I want to be able to validate the format of the fields listed in Include_keys like cip
which is client IP? How can I validate the data format for those fields? Since my log contains different number of fields, at the grok level I can't validate. Only after parsing with KV I can get those fields and validate them. By validation i mean, validate that they conform to the type defined in ES Index.
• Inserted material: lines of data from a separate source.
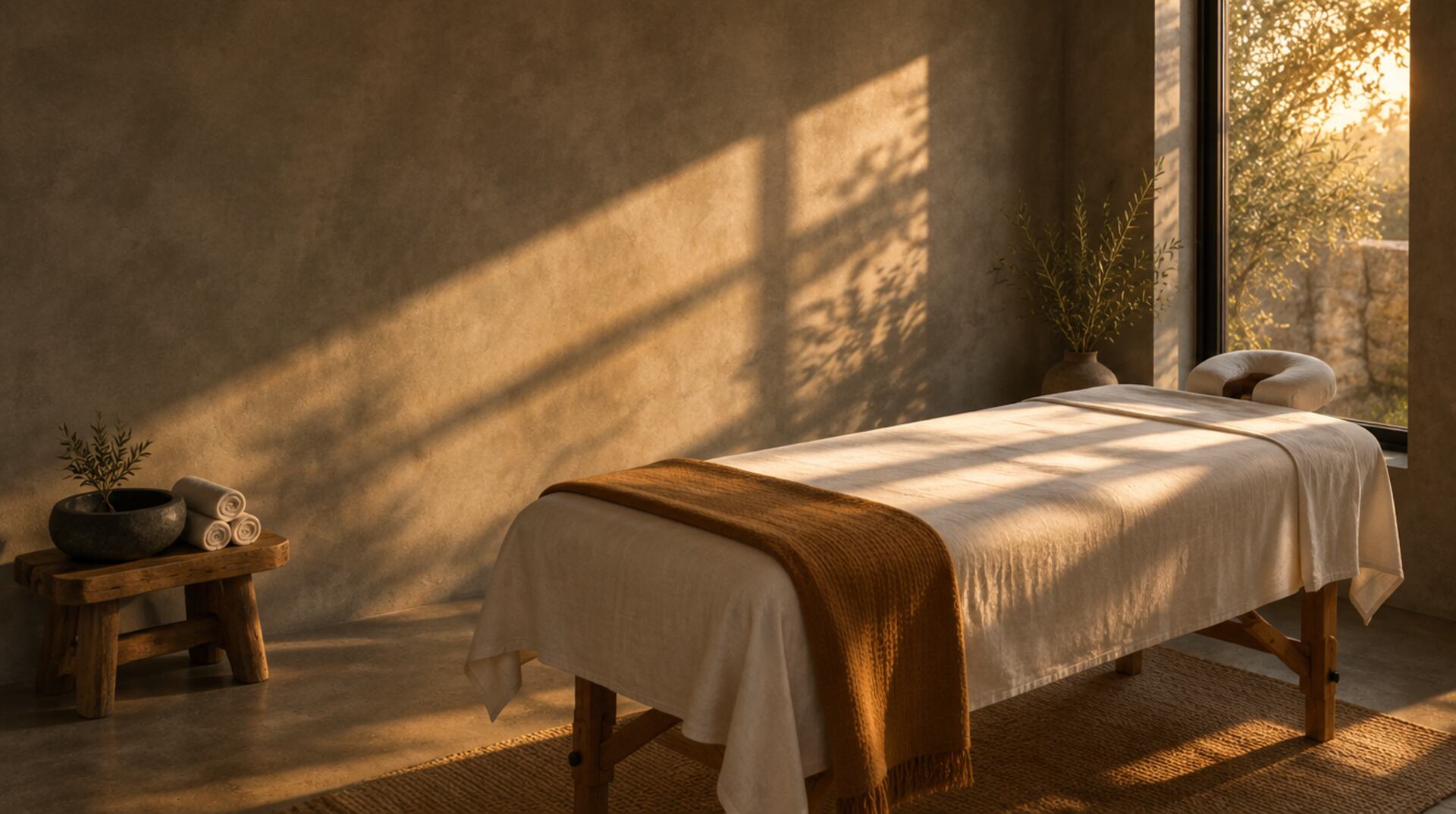 A massage table made up with warm white linen in a plaster-walled room, low afternoon sun falling across the sheets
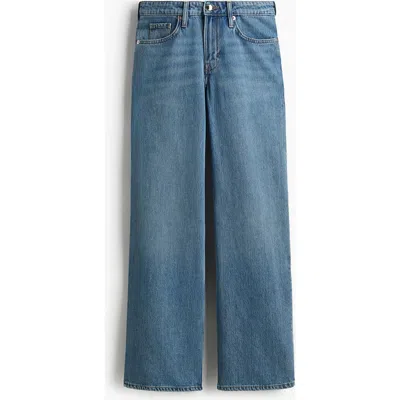 H&m Feather Soft Wide Regular Jeans In Blue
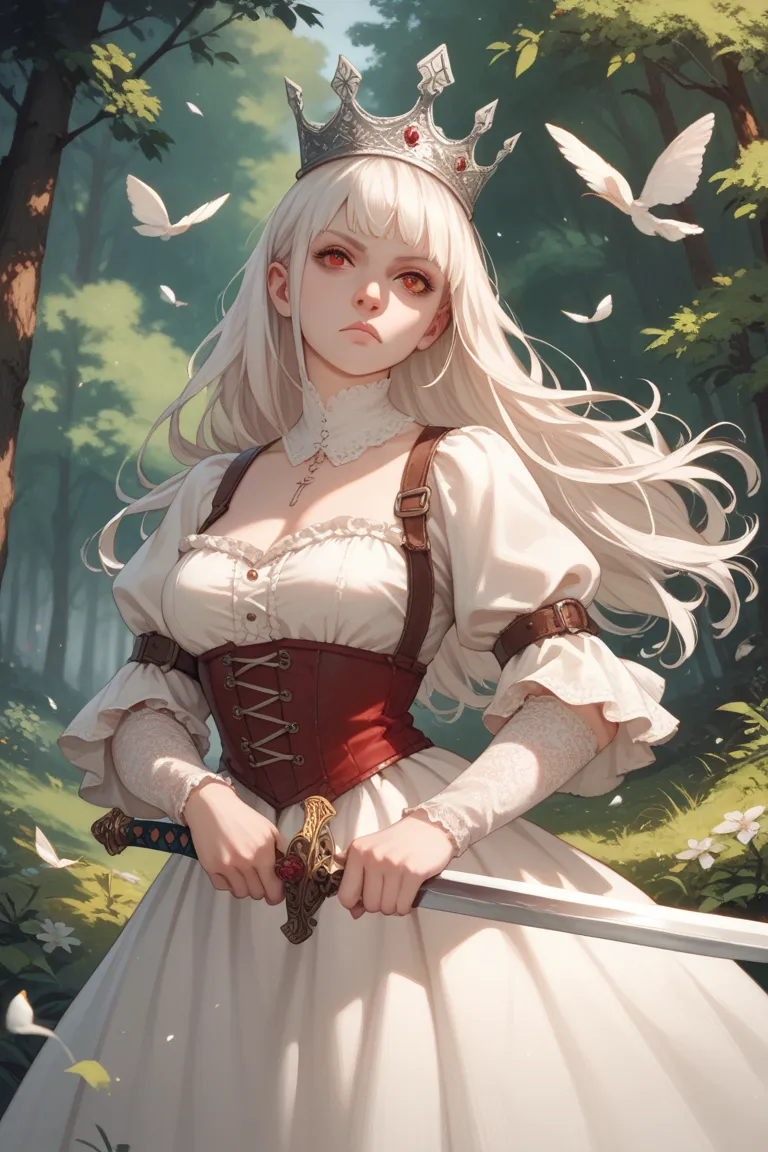  An albino woman,  with long hair, and dark red eyes with a serious expression and with a long white dress with red details and a silver crown and her head, holding a sword, In the forest in medieval times.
This is because in case, they are not conforming, I want to send them to invalid-topic in Kafka.
Should I use ruby filter to validate? If so, can you give me a sample? Or should I rebuild the event after KV parsing and again use grok on that newly created event.
Will v much appreciate some sample showing these.